* _Task goal_
An exact transcription is needed of the lines below from the one with "4th image of 219 Vincellette St" through the one with "PUMA 그레이 스웨이드 스니커즈", with no other lines and no pictures.

* _Material to process_
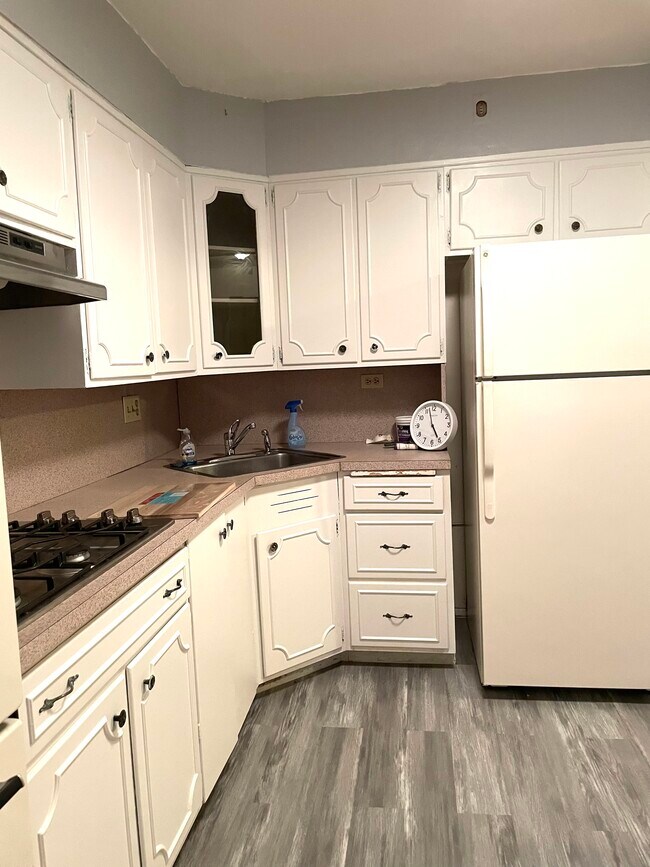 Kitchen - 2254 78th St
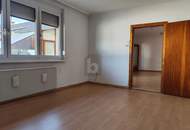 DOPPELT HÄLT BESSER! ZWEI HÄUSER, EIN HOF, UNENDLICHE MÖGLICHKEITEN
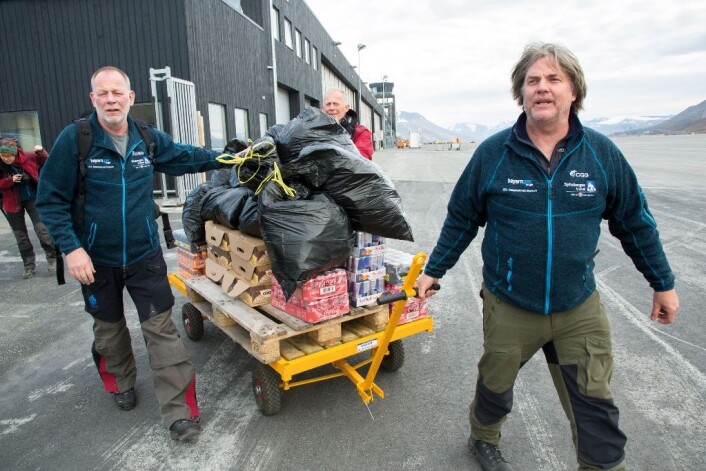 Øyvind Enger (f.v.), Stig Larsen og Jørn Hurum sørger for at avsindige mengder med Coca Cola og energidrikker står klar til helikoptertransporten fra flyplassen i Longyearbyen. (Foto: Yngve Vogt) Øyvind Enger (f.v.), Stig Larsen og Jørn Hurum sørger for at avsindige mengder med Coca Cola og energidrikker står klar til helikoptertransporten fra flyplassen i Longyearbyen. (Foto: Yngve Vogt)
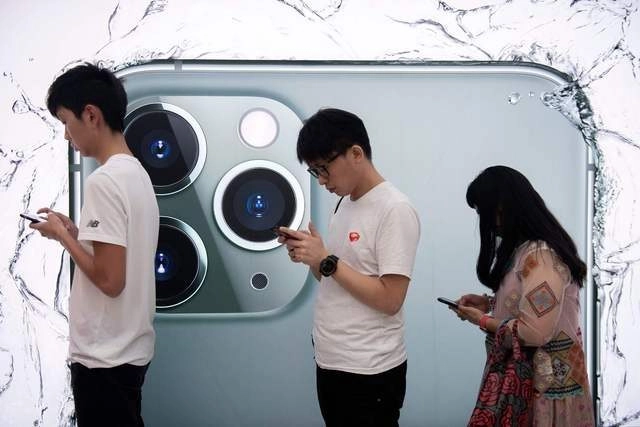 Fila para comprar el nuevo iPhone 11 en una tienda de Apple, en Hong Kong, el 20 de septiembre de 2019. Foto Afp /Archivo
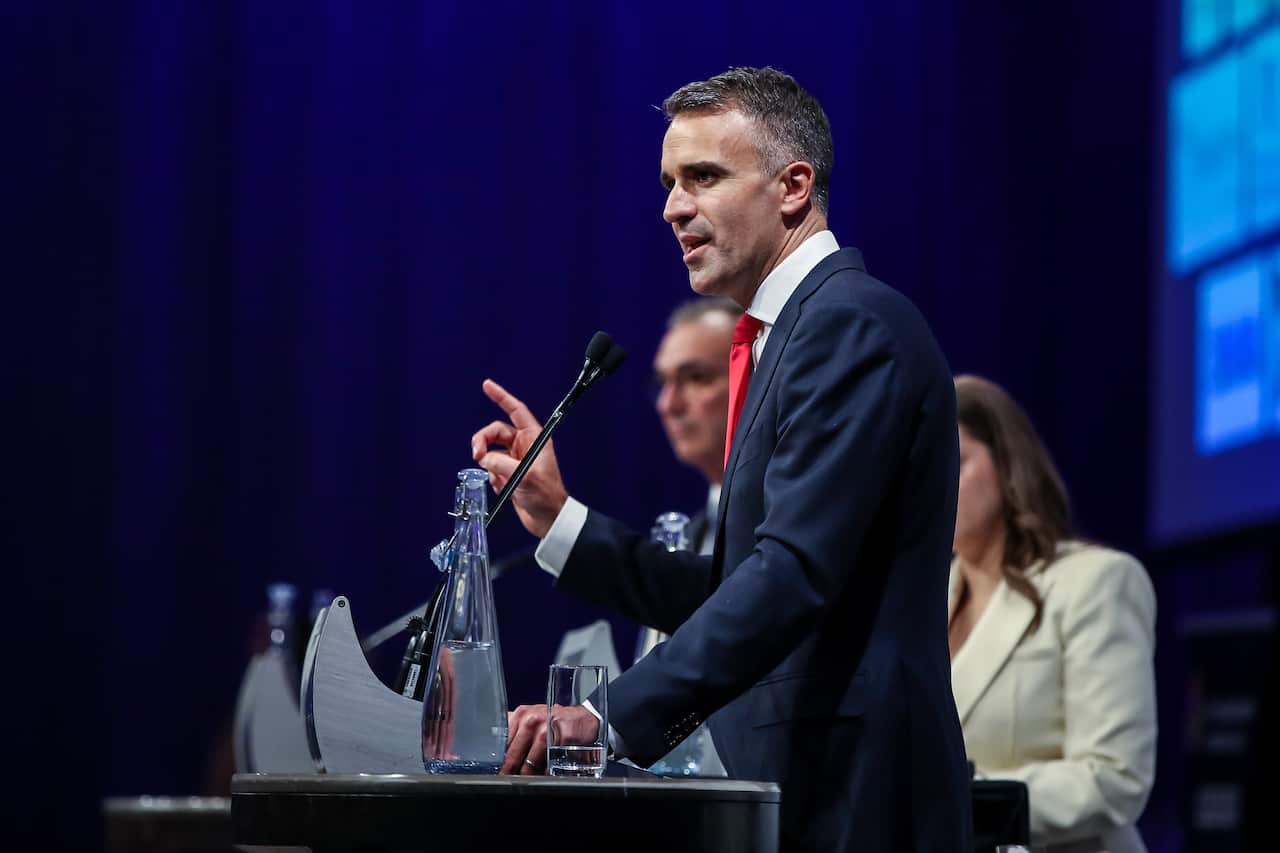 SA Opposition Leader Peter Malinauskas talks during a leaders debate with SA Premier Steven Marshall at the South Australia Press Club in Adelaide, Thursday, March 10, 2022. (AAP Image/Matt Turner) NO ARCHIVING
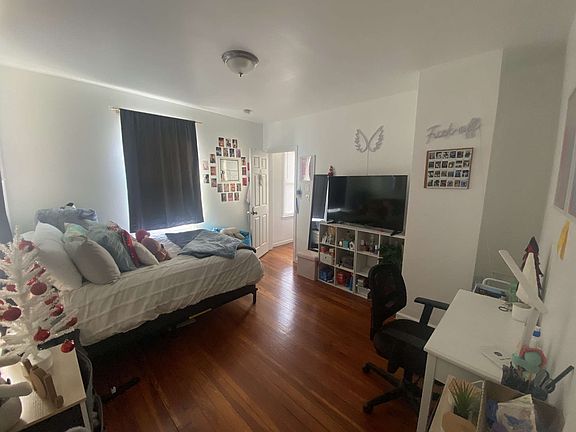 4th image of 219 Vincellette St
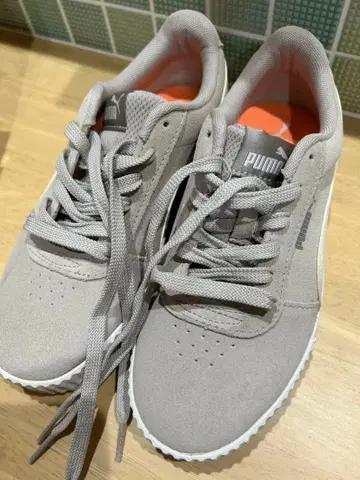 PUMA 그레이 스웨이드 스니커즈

* * *

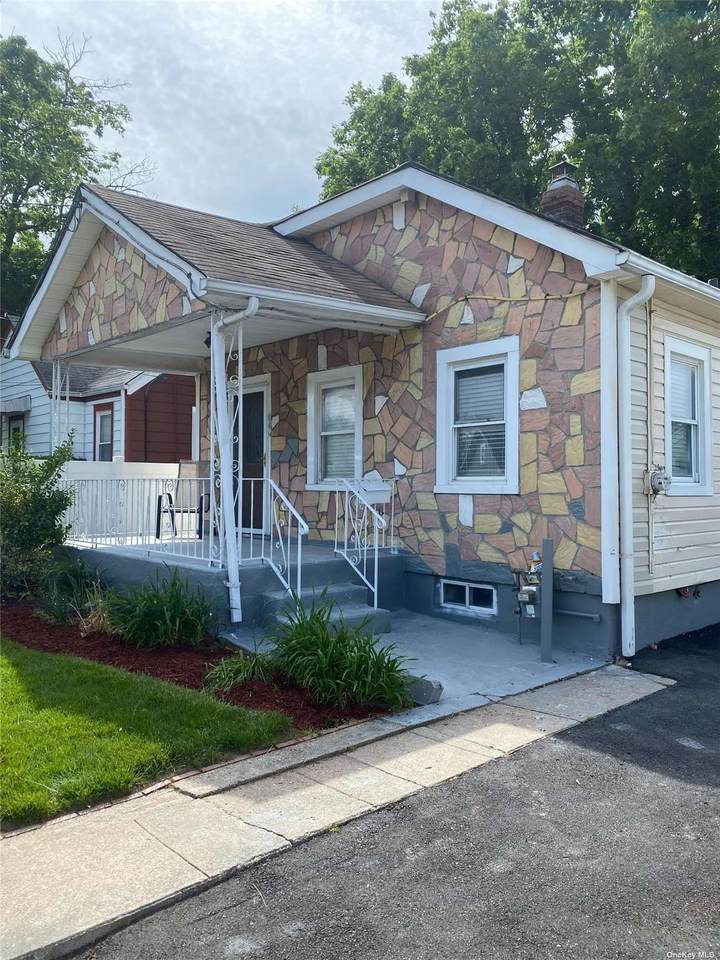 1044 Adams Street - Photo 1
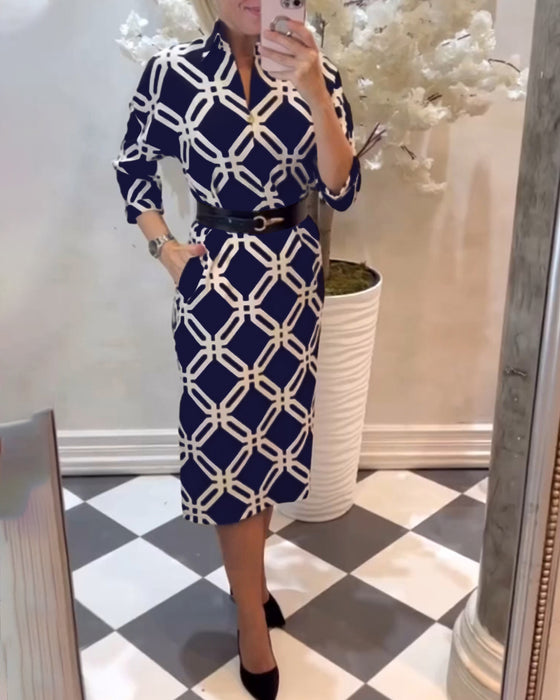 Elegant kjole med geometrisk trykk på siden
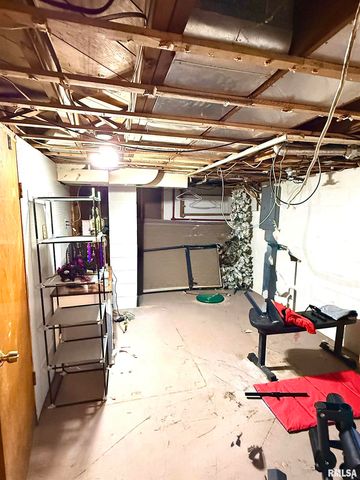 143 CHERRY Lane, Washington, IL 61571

---

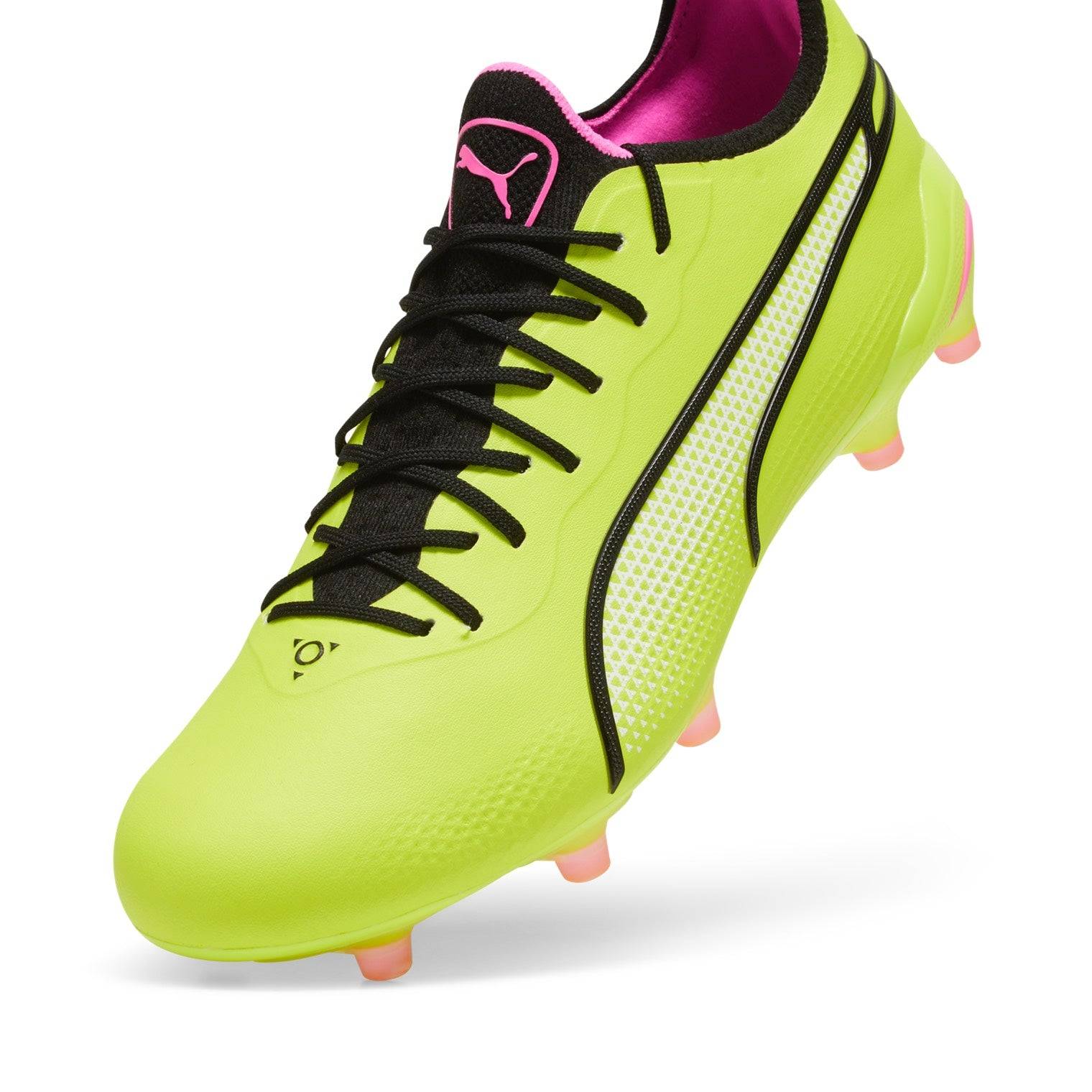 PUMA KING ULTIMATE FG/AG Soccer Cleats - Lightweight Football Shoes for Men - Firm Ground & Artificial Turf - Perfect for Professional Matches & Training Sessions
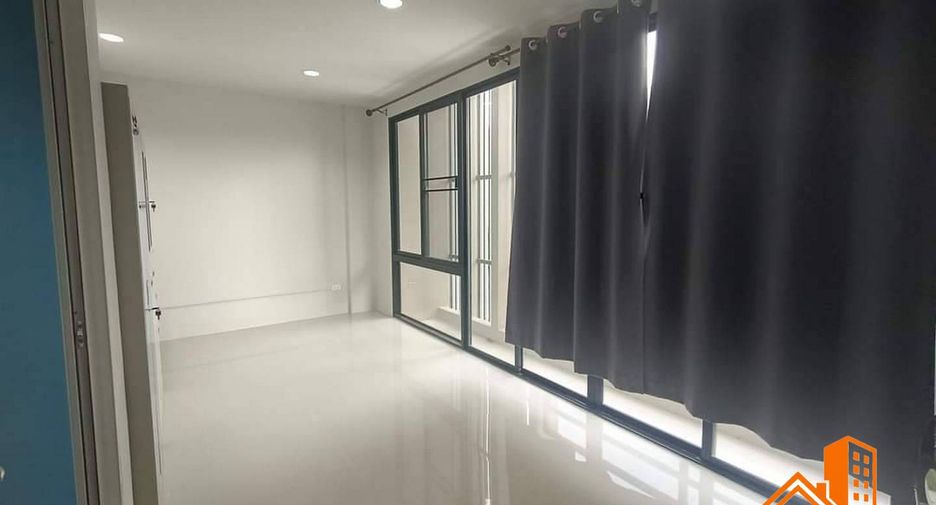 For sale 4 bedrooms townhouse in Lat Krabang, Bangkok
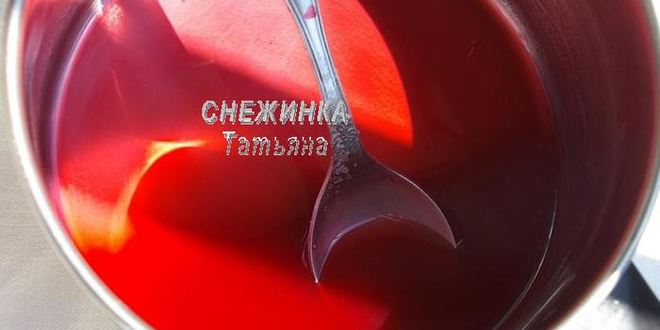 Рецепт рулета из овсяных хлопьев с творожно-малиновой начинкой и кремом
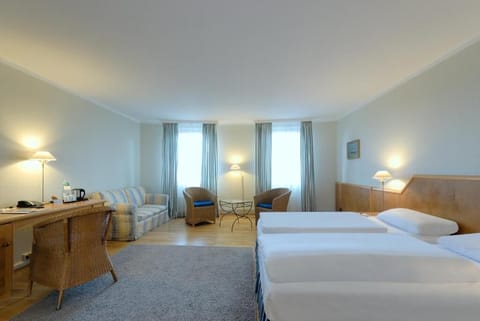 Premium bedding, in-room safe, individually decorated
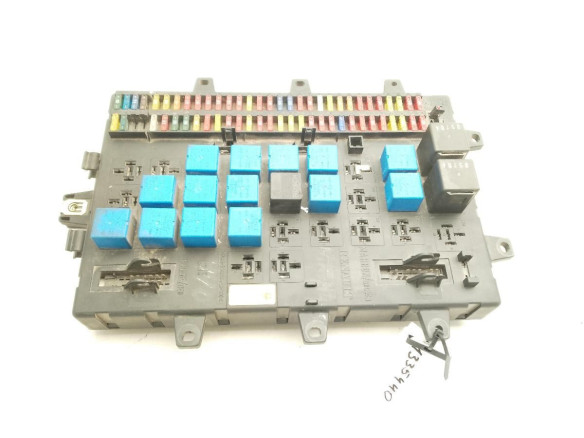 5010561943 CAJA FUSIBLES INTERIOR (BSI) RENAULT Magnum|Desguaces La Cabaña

* _Response area_
 4th image of 219 Vincellette St
 PUMA 그레이 스웨이드 스니커즈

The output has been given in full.